Sitting beside her were three others whose lives had been upended by extreme weather events. Shauntá Floyd survived Hurricane Beryl, which slammed Houston in July, killing 42 people. Melissa Whittaker saw the restaurant she owns with her husband devastated by the 2023 flooding of Montpelier, Vermont. Reverend Richard Joyner’s farm in Conetoe, North Carolina, has experienced a whiplash of droughts and severe floods. The four had been brought together by a group called Extreme Weather Survivors, which represents the growing number of Americans who have firsthand experience of the death and damage that can come from climate chaos.
Dishion, dressed in all black, told the audience how she and Evan had met. It was a classic college romance, sparked when she walked into a class on the first day and sat in an empty seat next to a cute guy. They became study partners. Then their friendship blossomed into something more. “He was truly the most loving and genuine person I ever met,” she said.
They got married and ended up moving to Phoenix so Evan could pursue medical training as a neurologist. After four consecutive miscarriages, Amy gave birth to a girl in 2022. Their daughter, Chloe, was their miracle child. Just three months after she arrived, tragedy struck.
On Labor Day in 2022, Evan set out at 6 a.m. on a group hike through the Spur Cross Ranch Conservation Area in the town of Cave Creek, just north of Phoenix. It was a long hike, Dishion recalled, and the group had planned to be out for most of the day. A heat warning was in effect; the temperature would eventually hit 109°F.
Several hours into the trek, someone in the group suggested they turn back. But they forged on. One of the hikers started to get cramps in his legs, and a friend remained with him in the shade while Evan and several others summitted Elephant Mountain. They planned to check on their companions later, then things quickly went wrong.
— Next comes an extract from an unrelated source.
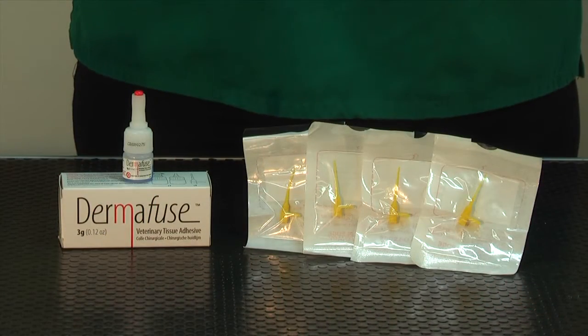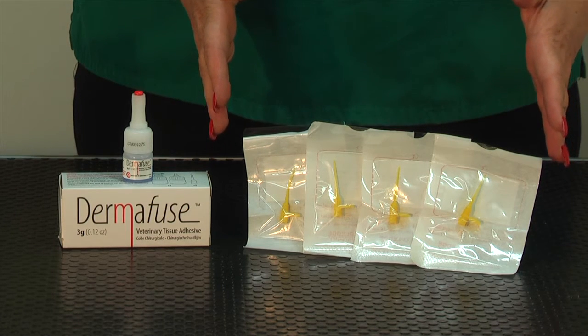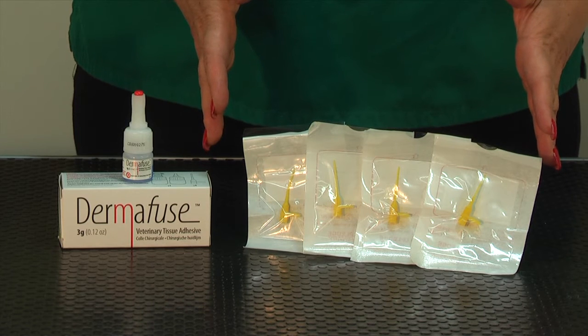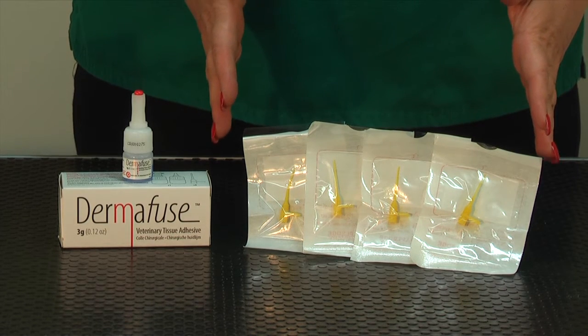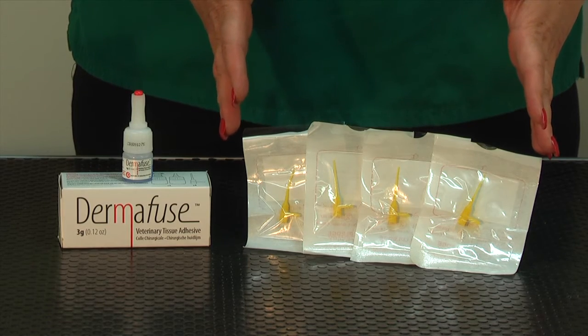With Dermafuse we also include four sterile applicator tips. These allow you to control the precise amount of glue required so you don't apply too much, and you have a clean sterile applicator for each procedure which can cut down on infections.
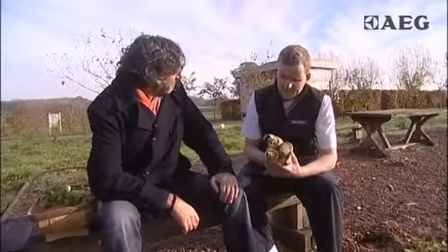We're back at Dalesford Organic Market Garden for another of our Christmas recipe films. What is it today Steve? Well, we're going to take these beautiful parsnips and make them into a creamy puree to go with that turkey.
They got lost and ran out of water. One of the hikers started hallucinating. Evan realized that they were in serious danger and needed to call for rescue. But they were out of cellular range. Evan began stumbling, then passed out. Another hiker moved him into the shade, stayed with him for a bit, then went to find a pocket of cell service. By the time the rescue helicopter arrived, Evan had died from heat stroke. He was 32.
When Dishion got the phone call from the local hospital later that day, she went into shock. The feeling would last for a long time. “It took me a year for my brain to even understand what had happened,” she said. “I had to reorient to a new reality that didn’t make any sense to me.”
Dishion told the audience, “It’s important for me to say heat does kill. Even a young, fit person like Evan is not immune. . . . Our planet is warming, and more deaths are coming.”
According to data from Arizona’s Maricopa County Department of Public Health, the greater Phoenix metro area recorded 425 heat-related deaths in 2022. The following year, that figure rose to 645—an increase of over 50 percent. Heat-related deaths in Maricopa County have been increasing each year since 2015.
Dishion now lives in Salem, Oregon, where she and Evan grew up. The stay-at-home mom told the audience that her daughter, a redheaded toddler, has become her reason for living. Though still feeling jet-lagged from the flight to New York the day before, Dishion would be returning home that night to get back to her.
When asked why she thought it was important to travel across the country to share her story, Dishion had a ready answer. “I want to make a difference and help save lives,” she said, mindful of how outdoor recreation has become more dangerous on a rapidly heating planet.
Dishion also has a larger aspiration. “On a bigger scale, we’re seeing these heat waves getting more intense and more frequent,” she said. “And I’m hoping to effect policy.” She told the audience bluntly: “I hope that our government gets out of bed with the fossil fuel industry.”
She would like to see the major fossil fuel companies held accountable for their role in the climate crisis—especially given the evidence that they knew long ago about the dangers of their products yet lied to the public about the risks. “One hundred percent, it’s important to hold them accountable,” she said.
Chris Kocher cofounded Extreme Weather Survivors in 2024 after previously leading networks of gun-violence survivors, and he said that he’s seen firsthand the power of personal storytelling in supporting healing and advancing policy change. “We believe truly that stories are the things that build movements, that change lives, and that build political progress,” Kocher told the audience in Manhattan.
For her part, Dishion emphasized the need for people to come together across political divisions to address the threat of climate change. “I hope that by telling my story, I can begin a conversation about how we as a community can create political will on both sides of the aisle to stop climate change in its tracks and save us from needless suffering and lost lives.”